Nerd Revolt: A Pleasant Transgression

When I recently caught up with the iLL.F.O., one half of Nerd Revolt, she was kicking off a weekend of cat-sitting and seemed equally excited to have a chance to talk to a human as she was to indulge in a weekend with a feline friend.  Nerd Revolt is the iLL.F.O. on vocals, synths, and programming and m.0 doing synths and programming.  They are an electronic duo based in San Francisco… although the iLL.F.O. is, thus far, still largely unfamiliar with the city:

“We’ve only been here for a couple of years.  Most of the time we’ve been here we’ve been working on the album, so I’ve kind of been a hermit.  We went underground for 20 months, doing the album.  Approaching it was very daunting and intimidating. We had an EP released in 2010, but it was my first album ever.”

And as scary as the idea of writing and recording an entire album was for the iLL.F.O., she found it to be equally empowering: “It was very liberating for me.  I’ve always been very shy and a loner.”  (This is something you’d never know, based on her exceptionally bold and colourful style and the number of press photos that have her in nothing but a bikini.)  The (self-titled) album, which was released late this summer, rings of an interesting amalgamation of the history of electronic music.  It is very primally and erotically haunting.  Certain tracks would seem to call to the dance floor, but only for the evening’s slowest, steamiest, and haziest moments… It really is more suited for a sensuousnight of sinning.  However, a few songs do subtly recall Industrial at its lightest and most whimsical.

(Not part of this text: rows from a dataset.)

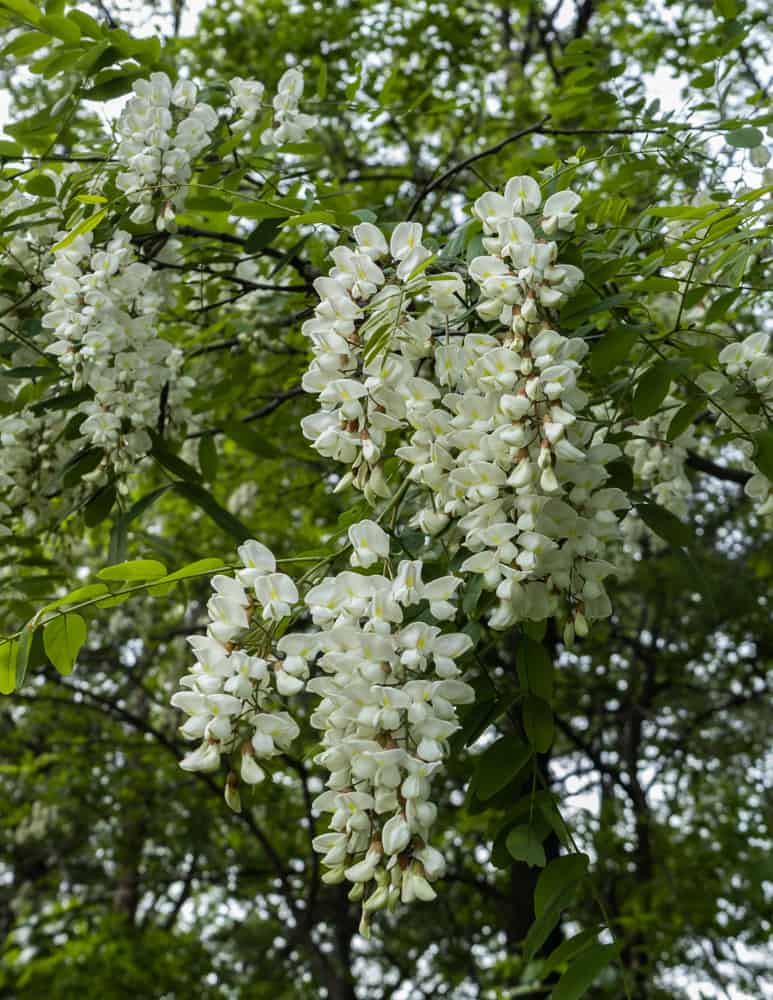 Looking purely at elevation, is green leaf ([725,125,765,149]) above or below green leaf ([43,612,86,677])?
above

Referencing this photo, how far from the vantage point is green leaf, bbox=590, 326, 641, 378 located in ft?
5.75

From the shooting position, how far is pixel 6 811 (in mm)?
7445

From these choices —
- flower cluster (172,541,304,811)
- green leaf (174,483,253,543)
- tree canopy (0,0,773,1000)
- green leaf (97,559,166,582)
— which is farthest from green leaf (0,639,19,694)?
green leaf (174,483,253,543)

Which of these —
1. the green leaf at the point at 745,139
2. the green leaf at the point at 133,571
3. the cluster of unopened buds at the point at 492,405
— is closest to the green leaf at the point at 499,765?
the cluster of unopened buds at the point at 492,405

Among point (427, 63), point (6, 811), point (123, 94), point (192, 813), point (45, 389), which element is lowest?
point (45, 389)

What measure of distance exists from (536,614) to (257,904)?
7.22 meters

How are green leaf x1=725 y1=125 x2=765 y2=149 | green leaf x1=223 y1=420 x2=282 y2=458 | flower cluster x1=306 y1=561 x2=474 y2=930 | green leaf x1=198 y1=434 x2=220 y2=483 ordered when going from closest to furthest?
flower cluster x1=306 y1=561 x2=474 y2=930 → green leaf x1=725 y1=125 x2=765 y2=149 → green leaf x1=223 y1=420 x2=282 y2=458 → green leaf x1=198 y1=434 x2=220 y2=483

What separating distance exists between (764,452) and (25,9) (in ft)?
6.00

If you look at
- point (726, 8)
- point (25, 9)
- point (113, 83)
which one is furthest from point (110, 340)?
point (726, 8)

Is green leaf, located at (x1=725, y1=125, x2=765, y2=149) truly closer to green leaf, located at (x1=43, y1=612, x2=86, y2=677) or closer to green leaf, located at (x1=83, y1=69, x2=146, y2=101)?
green leaf, located at (x1=83, y1=69, x2=146, y2=101)

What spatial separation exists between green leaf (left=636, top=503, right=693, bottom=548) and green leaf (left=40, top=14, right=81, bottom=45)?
5.39ft

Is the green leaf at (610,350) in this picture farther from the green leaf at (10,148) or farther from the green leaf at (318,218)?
the green leaf at (10,148)

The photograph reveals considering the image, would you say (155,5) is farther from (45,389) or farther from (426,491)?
(426,491)

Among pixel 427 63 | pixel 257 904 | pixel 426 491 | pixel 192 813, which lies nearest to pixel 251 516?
pixel 192 813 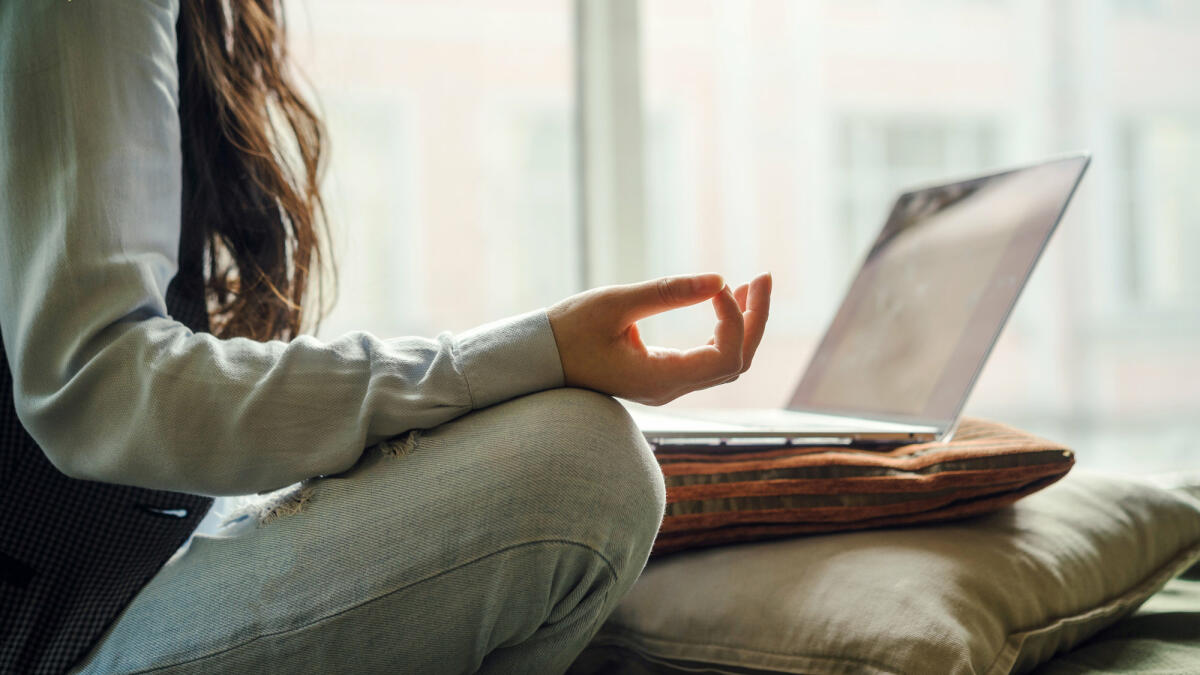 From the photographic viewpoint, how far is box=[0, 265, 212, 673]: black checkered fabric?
0.55 metres

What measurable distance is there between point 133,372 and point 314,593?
164 millimetres

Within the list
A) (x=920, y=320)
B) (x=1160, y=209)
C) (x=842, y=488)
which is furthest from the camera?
(x=1160, y=209)

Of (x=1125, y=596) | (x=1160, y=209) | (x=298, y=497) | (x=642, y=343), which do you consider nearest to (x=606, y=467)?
(x=642, y=343)

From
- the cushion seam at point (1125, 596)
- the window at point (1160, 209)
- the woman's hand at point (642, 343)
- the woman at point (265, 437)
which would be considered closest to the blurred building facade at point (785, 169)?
the window at point (1160, 209)

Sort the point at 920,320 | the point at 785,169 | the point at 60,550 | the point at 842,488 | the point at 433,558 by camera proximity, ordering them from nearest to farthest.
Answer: the point at 433,558 → the point at 60,550 → the point at 842,488 → the point at 920,320 → the point at 785,169

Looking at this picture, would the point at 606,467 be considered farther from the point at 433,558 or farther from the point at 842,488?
the point at 842,488

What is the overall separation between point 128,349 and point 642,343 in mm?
296

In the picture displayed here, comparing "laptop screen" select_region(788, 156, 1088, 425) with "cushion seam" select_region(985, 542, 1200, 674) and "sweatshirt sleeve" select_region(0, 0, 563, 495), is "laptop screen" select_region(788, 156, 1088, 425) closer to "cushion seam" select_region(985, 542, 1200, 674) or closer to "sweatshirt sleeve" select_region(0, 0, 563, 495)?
"cushion seam" select_region(985, 542, 1200, 674)

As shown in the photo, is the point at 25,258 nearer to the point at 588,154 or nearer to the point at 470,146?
the point at 588,154

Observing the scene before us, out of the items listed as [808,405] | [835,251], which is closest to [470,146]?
[835,251]

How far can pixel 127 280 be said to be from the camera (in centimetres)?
52

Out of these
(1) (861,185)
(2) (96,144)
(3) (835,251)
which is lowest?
(3) (835,251)

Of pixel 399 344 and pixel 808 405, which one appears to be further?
pixel 808 405

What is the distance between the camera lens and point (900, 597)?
601 mm
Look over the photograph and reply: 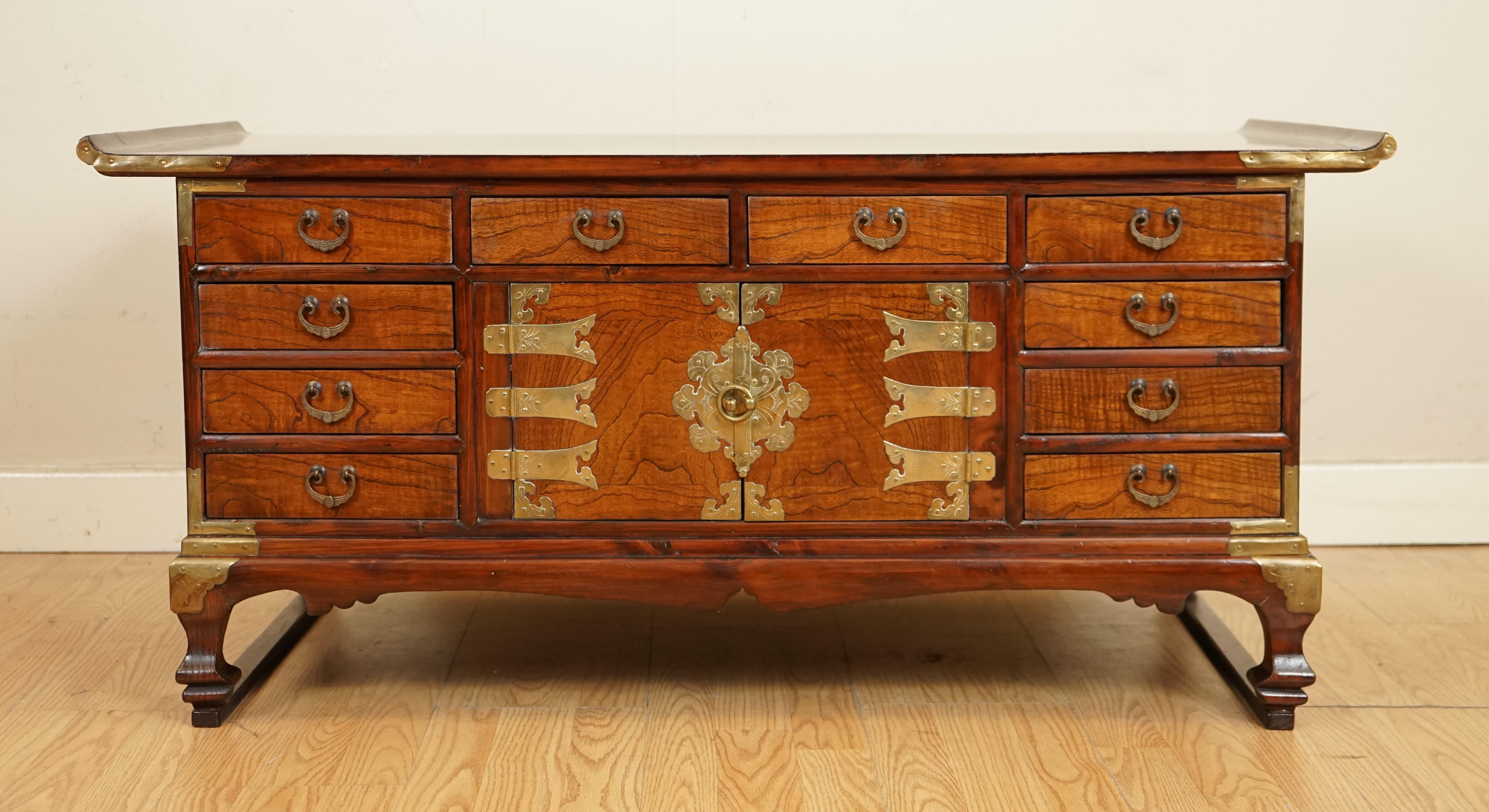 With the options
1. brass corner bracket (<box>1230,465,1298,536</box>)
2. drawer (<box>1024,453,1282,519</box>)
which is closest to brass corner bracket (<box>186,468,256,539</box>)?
drawer (<box>1024,453,1282,519</box>)

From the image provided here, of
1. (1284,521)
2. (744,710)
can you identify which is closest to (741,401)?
(744,710)

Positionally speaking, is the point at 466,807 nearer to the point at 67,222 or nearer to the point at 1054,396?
the point at 1054,396

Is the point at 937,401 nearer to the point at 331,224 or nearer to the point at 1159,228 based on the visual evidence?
the point at 1159,228

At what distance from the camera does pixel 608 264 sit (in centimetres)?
203

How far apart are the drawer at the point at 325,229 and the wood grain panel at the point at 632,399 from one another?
20 centimetres

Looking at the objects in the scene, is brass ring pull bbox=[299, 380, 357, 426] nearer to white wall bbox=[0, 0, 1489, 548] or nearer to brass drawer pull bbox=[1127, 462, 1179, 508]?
white wall bbox=[0, 0, 1489, 548]

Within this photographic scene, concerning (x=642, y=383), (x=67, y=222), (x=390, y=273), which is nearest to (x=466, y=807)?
(x=642, y=383)

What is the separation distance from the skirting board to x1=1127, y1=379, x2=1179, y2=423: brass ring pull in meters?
1.21

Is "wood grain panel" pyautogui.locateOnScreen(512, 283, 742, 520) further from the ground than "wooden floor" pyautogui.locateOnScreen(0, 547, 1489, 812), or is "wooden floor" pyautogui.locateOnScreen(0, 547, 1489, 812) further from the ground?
"wood grain panel" pyautogui.locateOnScreen(512, 283, 742, 520)

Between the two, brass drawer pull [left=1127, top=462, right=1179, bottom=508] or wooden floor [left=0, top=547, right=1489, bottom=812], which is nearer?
wooden floor [left=0, top=547, right=1489, bottom=812]

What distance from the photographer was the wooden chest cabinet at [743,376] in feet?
6.59

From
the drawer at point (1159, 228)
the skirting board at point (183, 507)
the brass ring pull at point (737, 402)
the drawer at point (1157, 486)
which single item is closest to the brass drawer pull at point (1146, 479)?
the drawer at point (1157, 486)

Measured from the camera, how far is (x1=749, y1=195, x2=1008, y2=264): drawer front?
201cm

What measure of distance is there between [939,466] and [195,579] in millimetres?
1178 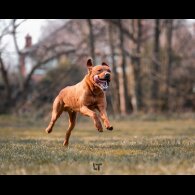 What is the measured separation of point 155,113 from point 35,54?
7.69m

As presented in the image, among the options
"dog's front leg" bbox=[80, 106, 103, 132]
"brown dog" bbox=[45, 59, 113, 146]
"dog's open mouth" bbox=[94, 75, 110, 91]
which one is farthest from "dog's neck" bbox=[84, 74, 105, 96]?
"dog's front leg" bbox=[80, 106, 103, 132]

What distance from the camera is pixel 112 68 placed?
31.8m

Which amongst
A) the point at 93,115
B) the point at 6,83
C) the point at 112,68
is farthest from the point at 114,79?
the point at 93,115

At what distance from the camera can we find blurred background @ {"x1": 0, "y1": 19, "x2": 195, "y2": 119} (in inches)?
1213

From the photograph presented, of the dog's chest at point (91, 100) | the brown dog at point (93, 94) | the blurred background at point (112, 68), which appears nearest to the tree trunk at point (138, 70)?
the blurred background at point (112, 68)

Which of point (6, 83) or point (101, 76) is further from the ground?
point (6, 83)

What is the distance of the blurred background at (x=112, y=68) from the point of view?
30812 mm

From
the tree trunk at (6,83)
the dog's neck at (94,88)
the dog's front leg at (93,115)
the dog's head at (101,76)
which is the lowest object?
the dog's front leg at (93,115)

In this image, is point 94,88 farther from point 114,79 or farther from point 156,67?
point 156,67

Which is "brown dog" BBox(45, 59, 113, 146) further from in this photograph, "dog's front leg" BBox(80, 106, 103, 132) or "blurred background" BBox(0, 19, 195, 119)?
"blurred background" BBox(0, 19, 195, 119)

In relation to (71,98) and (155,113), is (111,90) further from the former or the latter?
(71,98)

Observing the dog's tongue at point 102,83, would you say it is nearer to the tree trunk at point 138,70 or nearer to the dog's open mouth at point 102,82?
the dog's open mouth at point 102,82

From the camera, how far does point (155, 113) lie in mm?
30281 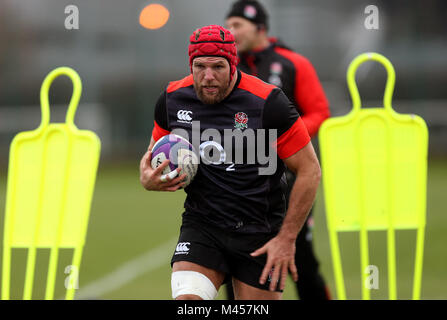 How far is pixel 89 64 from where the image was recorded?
21422mm

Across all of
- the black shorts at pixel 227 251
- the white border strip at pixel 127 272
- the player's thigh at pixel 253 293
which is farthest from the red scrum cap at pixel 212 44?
the white border strip at pixel 127 272

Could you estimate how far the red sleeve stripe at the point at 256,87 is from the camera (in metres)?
4.32

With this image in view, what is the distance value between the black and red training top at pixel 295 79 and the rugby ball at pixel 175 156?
1.76m

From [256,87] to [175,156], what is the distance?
25.7 inches

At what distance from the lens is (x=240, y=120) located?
170 inches

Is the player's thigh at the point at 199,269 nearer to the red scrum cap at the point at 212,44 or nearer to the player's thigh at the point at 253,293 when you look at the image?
the player's thigh at the point at 253,293

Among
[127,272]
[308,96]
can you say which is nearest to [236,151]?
[308,96]

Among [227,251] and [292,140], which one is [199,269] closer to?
[227,251]

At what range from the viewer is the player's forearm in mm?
4254

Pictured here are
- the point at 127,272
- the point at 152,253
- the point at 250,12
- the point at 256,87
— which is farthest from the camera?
the point at 152,253

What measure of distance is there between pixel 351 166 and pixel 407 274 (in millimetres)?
3457

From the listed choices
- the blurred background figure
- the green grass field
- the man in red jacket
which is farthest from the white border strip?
the blurred background figure

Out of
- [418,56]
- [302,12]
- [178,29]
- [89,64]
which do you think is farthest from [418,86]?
[89,64] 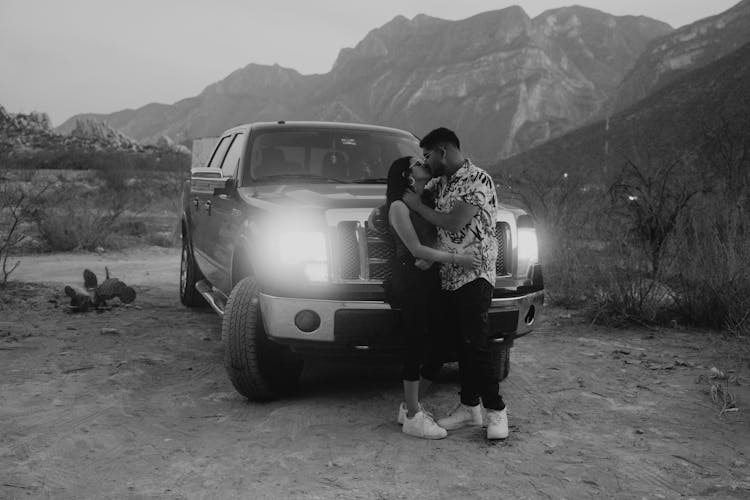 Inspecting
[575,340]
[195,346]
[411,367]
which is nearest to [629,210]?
[575,340]

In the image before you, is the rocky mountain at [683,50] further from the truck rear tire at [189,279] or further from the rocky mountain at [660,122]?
the truck rear tire at [189,279]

In addition to the album, the band have released a number of videos as well, which the iLL.F.O. found to be equally liberating: “We shot all our own videos.  They were just an extension of my self-expression.  It’s a really fun outlet for me.  I never got into that before.”  These videos range from minimalist punk political propaganda (“Breaking Free”); to the intimacy of the duo playing in their rehearsal space, amidst Kraftwerk T-shirts and Misfits posters (… Okay, so there was only one of each.) (“Couldn’t Steal My Fire”); to a piece with a Bergman-meets-midnight-movie aesthetic that has our heroine gracefully strolling through rocks and ruins as, what could be described as, a Spaceage Babydoll (“Twisted”).
While their debut just dropped earlier this year, the project has been in the works for about half a decade: “We met in Seattle in ’08 and just started hanging out and jamming on our synths.  But it didn’t really become concrete until we moved down here.”  And although the work of the iLL.F.O.(with m.0) is quite impressive, her self-proclaimed influences are likely the most profoundly moving thing about her craft: “For me, I love getting inspired by people with conviction and passion, people who go against the grain, people who trust themselves to challenge the masses.”